Specifically, the Allen Police Department claims products sold by the shops in Allen had tested from 7% to 78% THC, The Dallas Morning News reported.

While the 2018 Farm Bill defines hemp as having no more than 0.3% delta-9 THC on a dry-weight basis, federal law requires hemp to be lab tested within a 30-day window before harvest time to determine whether it meets that threshold.

However, the 2018 Farm Bill does not include limitations on quantities, such as how much THC is extracted from plant material and infused into end products for consumers, international cannabis lawyer Rod Kight, owner of Kight Law Office, previously told CBT. For example, a 10-milligram delta-9 THC gummy can still meet the legal definition of hemp under the 0.3% Farm Bill definition

“The Farm Bill isn’t really about consumer products,” Kight said. “It’s really about farming and agriculture.”

RELATED: THCA in the Farm Bill: Amendment Goes Far Beyond Closing ‘Loopholes’

The plaintiffs in the Allen lawsuit maintain that law enforcement officials used discredited and questionable laboratory testing methods and standards as a basis for their search warrants.

The letters sent to Allen businesses in May claim they violated the Texas Health and Safety Code Section 443 regarding the “delivery of a controlled substance,” according to the lawsuit.

However, Texas Health and Safety Code 443.151 provides that as long as the hemp is tested before manufacture or processing, then “a consumable hemp product is not required to be tested” if each hemp-derived ingredient was already certified at a delta-9 THC concentration of not more than 0.3%.

“At the time of purchase by law enforcement prior to testing, products in Mr. Kahn’s store were legal,” the plaintiffs state in the lawsuit. “They had certificates of analysis performed at the time of harvest that were available to law enforcement to review.”

In other words, law enforcement officials sought a search warrant after testing a product that did not require further testing under state or federal law, Sergi said.

The lawsuit alleges that the Allen Police Department, under the direction of Police Chief Dye, violated the constitutional rights of Kahn and others because of the following actions:

i. the use of objectively unreasonable and inaccurate information.
ii. search and seizure of persons and property without probable cause or legal basis, such as a properly written warrant as required by law.
iii. the use of outdated, unreliable THC Presumptive Field Tests; and
iv. misunderstanding the law, regardless of complexity.

When law enforcement officers raided Khan’s business on Aug. 27, Khan said he felt “cornered” as police and sheriff’s deputies surrounded, questioned and arrested him, and took all of his company computers, personal laptop and iPad, and the business’s products, according to the lawsuit.

“Khan has been traumatized by his arrest and is now having trouble sleeping while being very nervous and guarded all of the time,” according to the lawsuit.

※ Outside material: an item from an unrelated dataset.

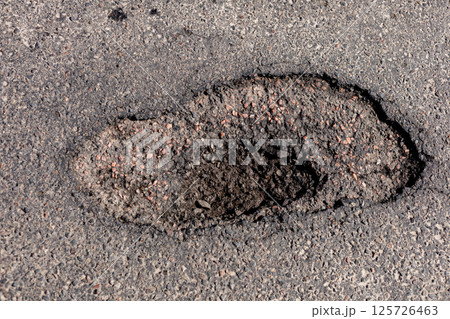 Large hole in the asphalt is evident on the highway, indicating significant damage that requires urgent repair to ensure safety for all vehicles 125726463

The officers took approximately $8,000 to $10,000 in legal inventory with certificates of analysis: about 60% was for delta-8 products, while about 25% was for THCA, and about 15% was for THCP and THCJD, according to the lawsuit.

“Mr. Khan, like other members of the Hemp Industry Leaders of Texas Hemp Industry Leaders of Texas are hard-working small businesspeople pursuing the American Dream,” HILT founder AJ Valador said in a statement provided to CBT. “Every day, Mr. Khan and our members, many running minority-owned businesses, provide a much-needed and legal product to their community assisting people with challenges resulting from PTSD and physical pain.”